[systemd-devel] Deadlocks with reloading jobs which are part of current transaction [was: [PATCH] Avoid reloading services when shutting down]

Wed Feb 4 10:36:09 PST 2015

On Wed, 04.02.15 20:19, Uoti Urpala (uoti.urpala at pp1.inet.fi) wrote:

> On Wed, 2015-02-04 at 16:38 +0100, Lennart Poettering wrote:
> > On Wed, 04.02.15 15:25, Martin Pitt (martin.pitt at ubuntu.com) wrote:
> > > Lennart Poettering [2015-02-04 13:27 +0100]:
> > > > On Wed, 04.02.15 08:56, Martin Pitt (martin.pitt at ubuntu.com) wrote:
> > > > >  - Don't enqueue a reload if the service to be reloaded isn't running.
> > > > >    E. g. postfix.service "inactive/dead" in
> > > > >    https://bugs.debian.org/635777 or smbd.service "start/waiting" in
> > > > >    https://launchpad.net/bugs/1417010.  This would completely avoid
> > > > >    the deadlock in most situations already, and doesn't change the
> > > > >    semantics for working use cases either, so this should even be
> > > > >    applicable for upstream?
> > > > 
> > > > No, this would open up the door for races. The guarantee we give
> > > > around blocking operations, is that by the time they return the
> > > > operation or an equivalent has been executed. More specifically, if
> > > > you start a service, and it is in "starting", and then issue a
> > > > "reload" or "restart", and it returns you *know* that the
> > > > configuration that was on disk at the time you issued the "reload" or
> > > > "restart" -- or a newer one -- is in place. If you'd suppress the
> > > > reload/restart in this case, then you will not get that guarantee,
> > > > because the configuration ultimately loaded might be the one from the
> > > > time the daemon was first put into starting mode at.
> 
> You're missing an essential point here: there's a distinction between
> skipping reloads for services which have not not been dispatched, and
> skipping reloads for services for which startup code is already running
> (and may be using existing configuration) but which have not reached
> full "running" status yet.
> 
> The former is the correct behavior (but currently handled wrong by
> systemd!), and never causes races. Only the latter can cause races like
> described above.

These two cases aren't that different. If somebody pushes an
additional job into the queue that wants to run before the reload but
after the service is up you cannot ot flush out the reload just
because the service has not started yet... 

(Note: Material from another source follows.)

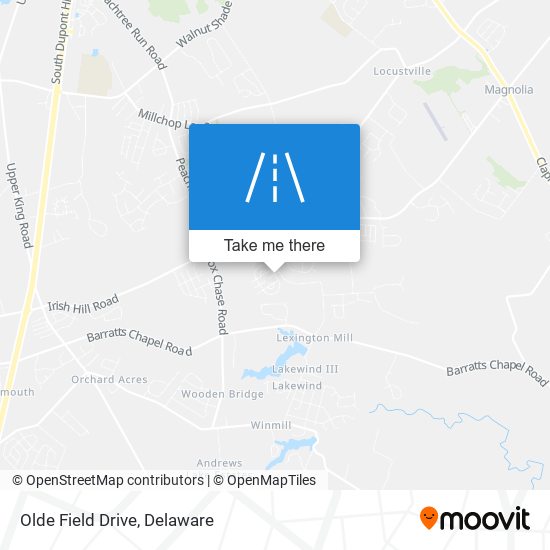 Olde Field Drive map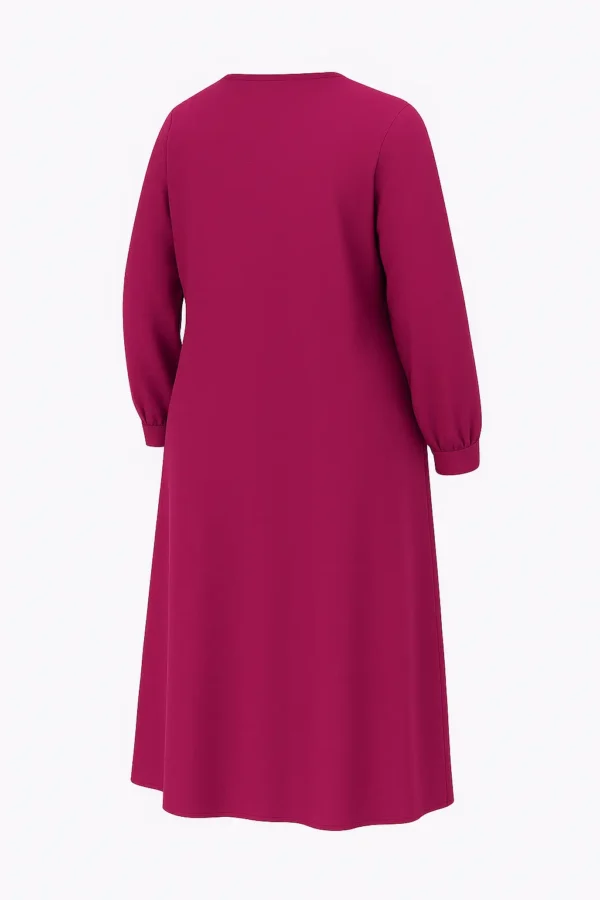 Rochie lejeră cu mâneci lungi  R199 - imagine 3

Whether you change config in your current context, or you do so from a
new unit's context is no difference: we cannot move anything that is
supposed to happen after that change before it, and we cannot remove it
either...

There are some forms of coalescing possible, but we already do all of
the ones that are safe...

> Fixing the systemd semantics should fix most of the bootup deadlock
> cases. This is not a "sysv workaround" or anything like that. The
> current systemd semantics are wrong and undesirable for new code,
> regardless of any legacy compatibility issues. Fixing them would give
> semantics that are more logically correct and work better in
> practice.

No, totally not. THe current semantics give the necessary guarantees
that changing a config file from any context you like or queing a file
config change from any config you like, and then queuing a reload will
take effect, regardless if there's a job for the unit already queued,
running or anything else.

Lennart

-- 
Lennart Poettering, Red Hat